The recipients of such advertising messages are individualized insofar as the user only obtains access to his or her inbox after providing registration data and a password. Therefore, the display takes place after this authentication procedure by the user in a private area reserved for him and intended for the consultation of private content in the form of e-mails.
2.3. The prior consent of the person is necessary
The Court recalls that, if a communication falls within the scope of Article 13(1) of Directive 2002/58, it is authorized on condition that the recipient has given prior consent.
3. This practice is also considers as unfair commercial practice
The referring court also asked whether such an approach falls within the concept of “repeated and unwanted solicitations” of users of e-mail services, within the meaning of Directive 2005/29 on unfair competition.
Thus, the Court had to answer the question whether the advertisements constituted solicitations and whether they were repeated and unwanted.
3.1. The appearance of these advertising messages also constitutes a solicitation within the meaning of the Unfair Commercial Practices Directive
Pursuant to Annex I, point 26, of Directive 2005/29, it is an “unfair commercial practice in all circumstances” for a trader to “make repeated and unwanted solicitations by telephone, fax, e-mail or any other means of distance communication, unless and in so far as permitted by national law for the purpose of performing a contractual obligation”.
However, as the Court has previously noted, the advertising messages at issue must be considered to be addressed directly and individually to the user concerned insofar as they appear directly in the inbox of the private electronic mailbox of the user concerned, in a private space, protected by a password, which is reserved for him and where he expects to receive only messages addressed individually to him.
As a result, the effect produced by the said message is therefore similar to that of individualized direct marketing, whether or not the advertiser has individualized this specific recipient during the technical preparation of the message in question and whether or not this message is treated differently from e-mails in terms of storage space and functionalities linked to the processing of a real e-mail.
Under these conditions, such an advertising message constitutes a “solicitation” of users of electronic messaging services, within the meaning of Annex I, point 26, of Directive 2005/29.

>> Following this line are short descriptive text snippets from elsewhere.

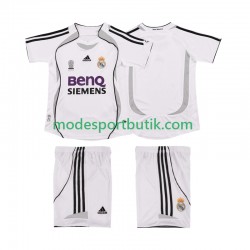 Real Madrid Matchtröja 2007 Retro Hemma 2006 Kortärmad ,Fotbollsställ Barn Real Madrid Matchtröja 2007 Retro Hemma 2006 Kortärmad ,Fotbollsställ Barn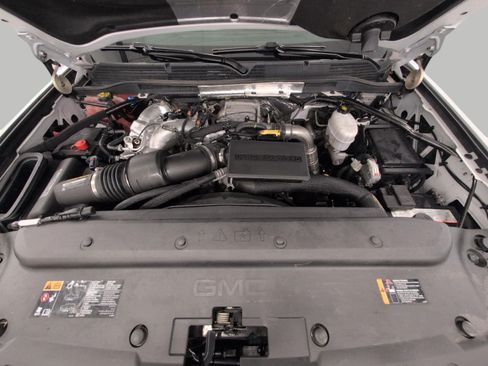Used 2019 GMC Sierra 2500 SLE w/ SLE Preferred Package AWD/4WD image 8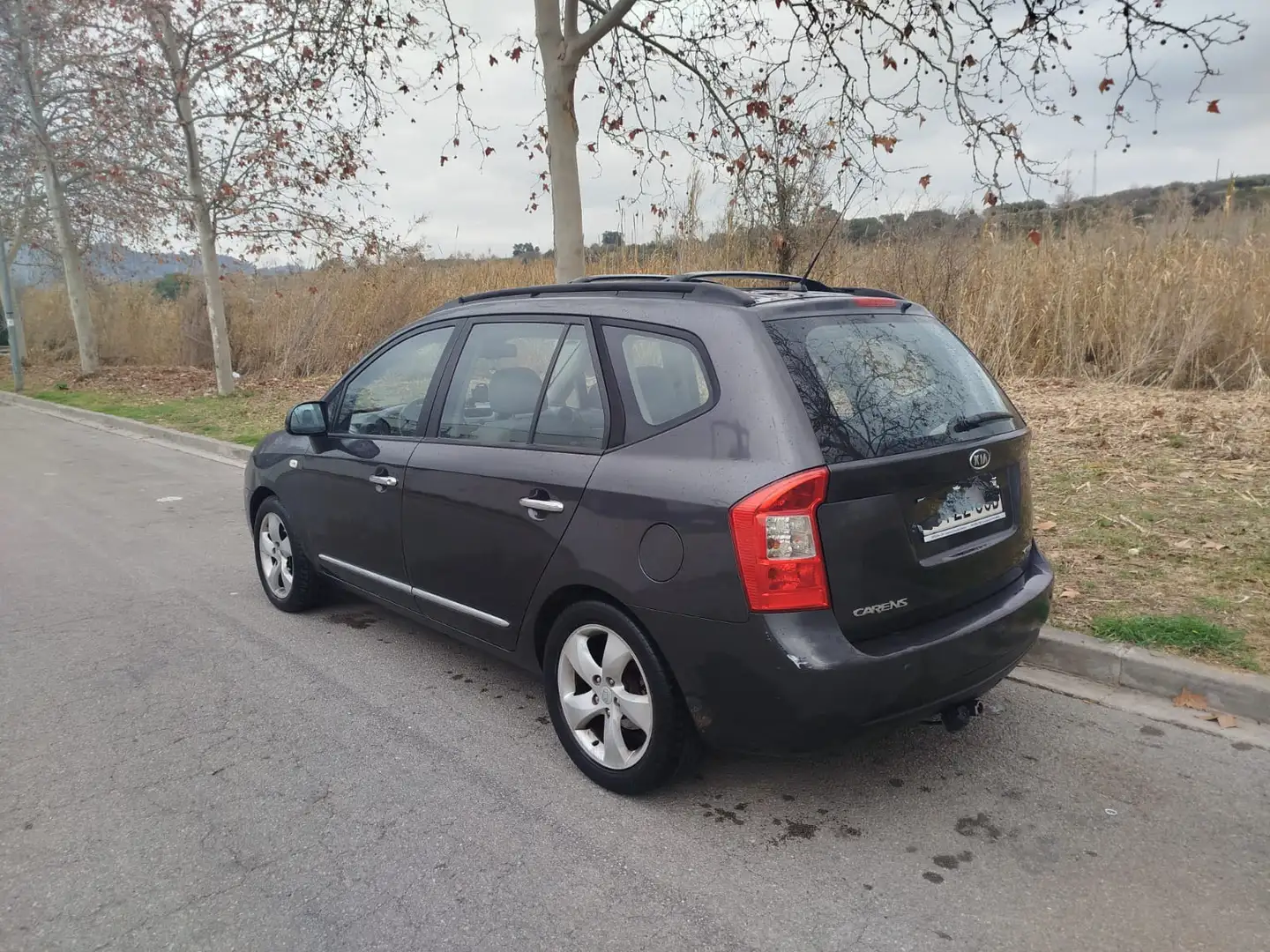 Kia Carens 2.0CRDI Emotion 7pl. - 1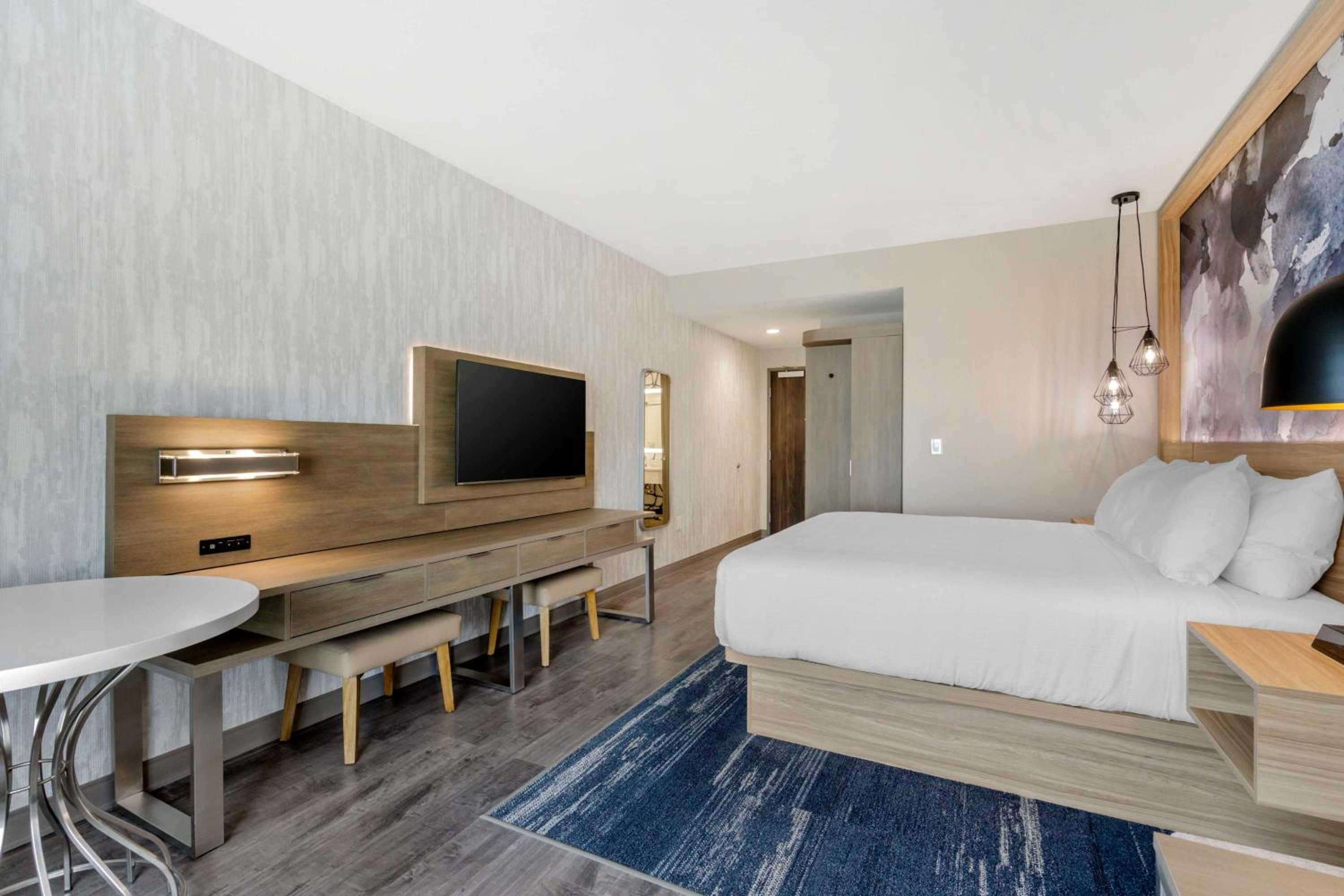 King Room with Walk-in Shower - Non-Smoking - Photo 2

3.2 It is a repeated and unwanted solicitation
The Court considers that this is a repeated solicitation insofar as the users concerned received advertising messages in the inbox of their private electronic mailboxes on three occasions, namely, on 12 December 2016, 13 January 2017 and 15 January 2017 respectively.
In order to know whether it is an “unwanted” solicitation, it must be taken into account the existence or not of a prior consent given by such user as well as the possible opposition to such advertising process expressed by said user.

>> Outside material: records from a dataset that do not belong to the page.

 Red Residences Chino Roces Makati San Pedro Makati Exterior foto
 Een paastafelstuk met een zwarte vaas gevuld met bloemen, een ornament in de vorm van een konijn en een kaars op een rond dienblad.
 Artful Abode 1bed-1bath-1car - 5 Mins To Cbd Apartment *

Thus, the solicitation can be qualified as “unwanted solicitation”, in the absence of a consent given by this user prior to this display.
The practice of advertising under the guise of an email is still subject to the regulation on direct marketing by electronic email and therefore requires the consent of users (article 13 of the directive 2002/58/EC).
The company behind the campaign can be attacked on the basis of unfair commercial practice by competitors and not only by the individuals concerned even though it is not in charge of carrying out the campaign.
However, the judgment does not say who would have been responsible from a RGPD/Directive 2002/58/EC point of view regarding the collection of consent. However, it can be assumed that the email provider would have had to obtain such prior consent and that a clause to this effect must be included in the contract in any case.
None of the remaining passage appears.